W tym roku powtórzenie tego trendu może być trudne.  W sierpniu odnotowano wysoki poziom zgłaszanych do urzędów pracy ofert pracy i aktywizacji zawodowej. Było ich 119 tys., o 25 tys. więcej niż przed rokiem, ale tylko niecały tysiąc więcej niż w lipcu br. Wskazuje to na utrzymujący się dość wysoki  poziom zapotrzebowania na pracowników, jednak wraz z ubytkiem bezrobotnych z rejestru, coraz trudniej jest znaleźć chętnych na te oferty. Świadczyć może o tym gwałtowny wzrost odmów podjęcia pracy przez osoby bezrobotne. 

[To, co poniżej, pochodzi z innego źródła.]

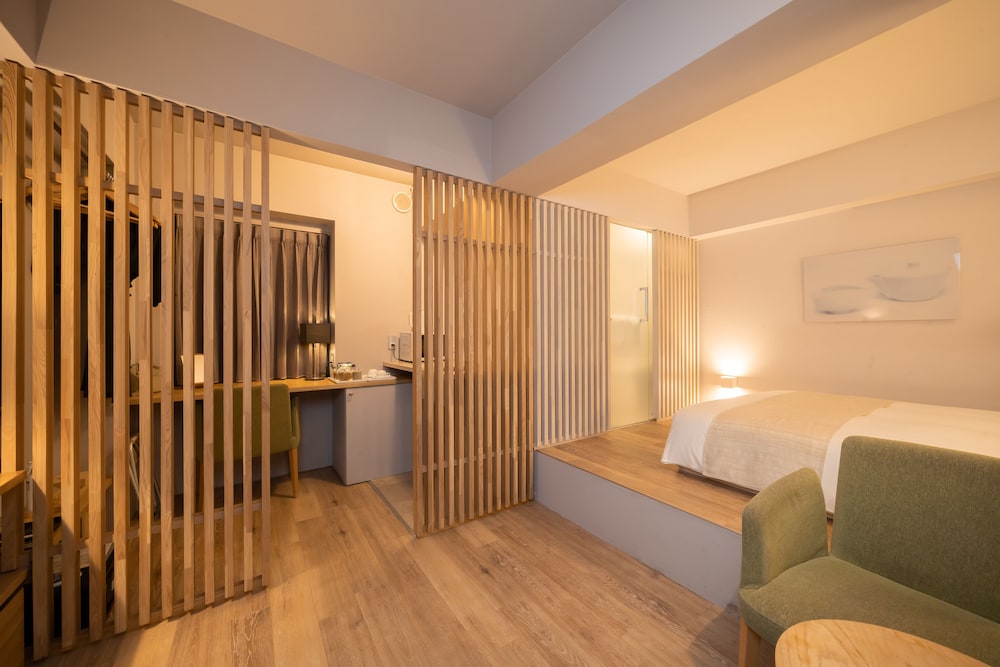Roppongi Hotel S 49/75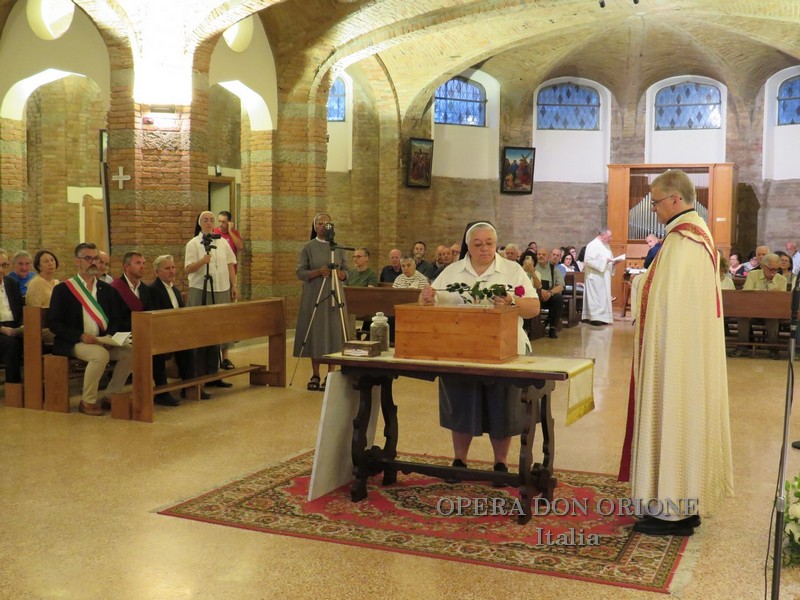 Tortona – La Famiglia Carismatica Orionina accoglie Mamma Carolina al Santuario della Madonna della Guardia -  31142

Wśród zarejestrowanych w urzędach pozostali głównie ci, którzy nie są z różnych powodów zainteresowani podjęciem pracy, a jedynie utrzymaniem uprawnień do ubezpieczenia zdrowotnego oraz tacy, którzy są bardzo oddaleni od rynku pracy, czyli mówiąc inaczej trudno im znaleźć pracę. Dlatego nadchodzące miesiące będą prawdziwym testem dla nowych instrumentów rynku pracy wprowadzonych w 2014 r. Zmniejszenie bezrobocia będzie bowiem wymagało skutecznej i trwałej aktywizacji zawodowej tych osób, które od dawna nie pracowały, mają niskie kompetencje, a często także niską motywację do pracy. Z tych powodów obniżenie stopy bezrobocia poniżej 10 proc., od kliku miesięcy zapowiadane przez ministra Władysława Kosiniak-Kamysza, może być trudne do zrealizowania. Nie będzie też temu pomagać pojawienie się kliku czynników powodujących niepewność wśród pracodawców. Wyniki jesiennych wyborów parlamentarnych mogą mieć istotny wpływ na poziom optymizmu przedsiębiorców i ich skłonność do zwiększenia zatrudnienia. Dlatego wiele decyzji o tworzeniu nowych miejsc pracy jest obecnie w zawieszeniu. Dodatkowym czynnikiem wstrzymywania tych decyzji są także zmiany w regulacjach dotyczących rynku pracy wchodzące w życie od 1 stycznia 2016. Pogorszenie warunków zawierania umów o pracę na czas określony, rozszerzenie oskładkowania umów zleceń i podniesienie płacy minimalnej aż o 100 zł, do 1850 zł miesięcznie, to czynniki, które spowodują skokowy wzrost kosztów pracy.

W związku z tym zwiększanie zatrudnienia pod koniec roku może być traktowane przez przedsiębiorców jako decyzja wysokiego ryzyka.